START Extracted entries

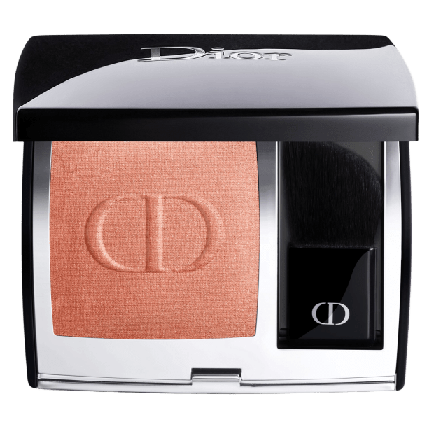 DIOR Rouge Blush Cheek and Cheekbone & solpuder Dam Beige 6 G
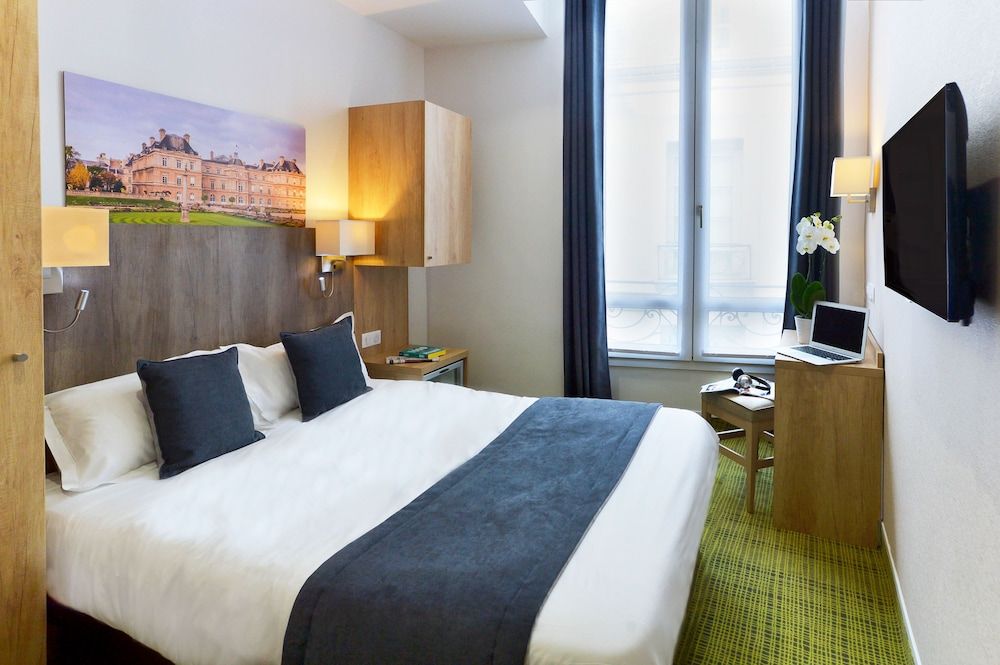 undefined Hotel Eugenie 5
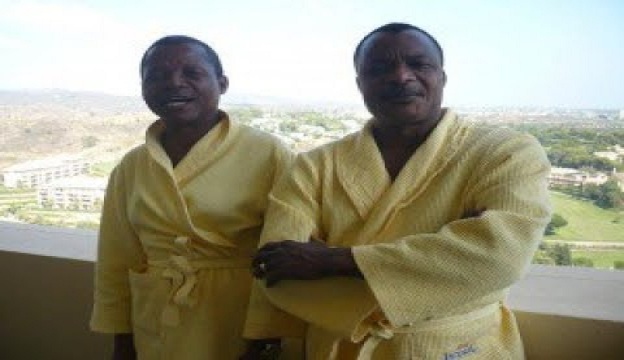 Sassou Nguesso envoie sa famille en vacances avec l’argent des congolais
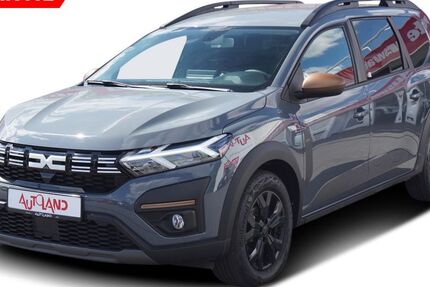 Dacia Jogger 24.026 km 17.990 &euro; Chemnitz 09113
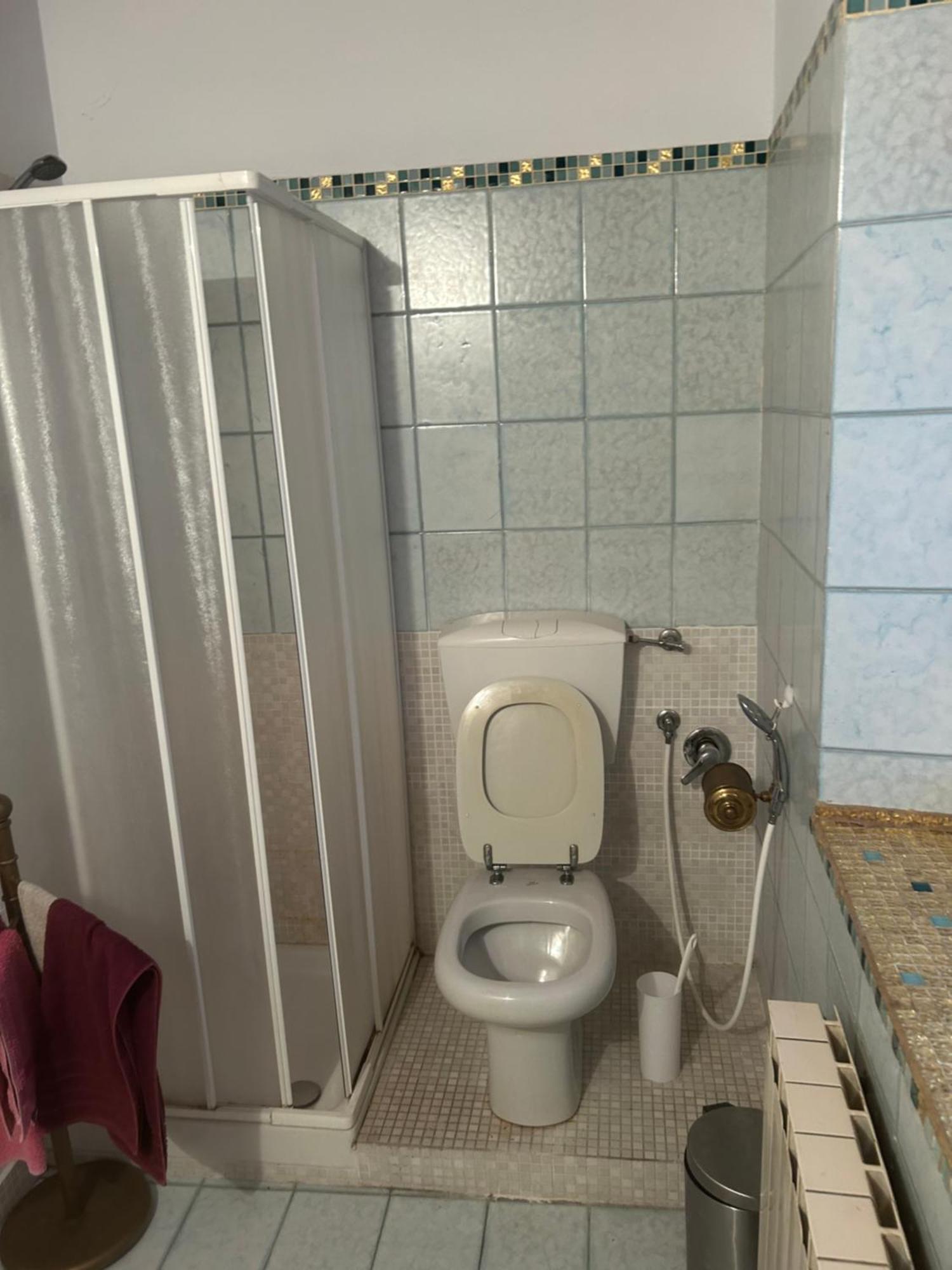 Locanda Verde Vaiano  Екстериор снимка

END Extracted entries

#### Exercise directions:
From the first line to the last, set down the records word for word and drop the images.

#### Result for this task:
 DIOR Rouge Blush Cheek and Cheekbone & solpuder Dam Beige 6 G
 undefined Hotel Eugenie 5
 Sassou Nguesso envoie sa famille en vacances avec l’argent des congolais
 Dacia Jogger 24.026 km 17.990 &euro; Chemnitz 09113
 Locanda Verde Vaiano  Екстериор снимка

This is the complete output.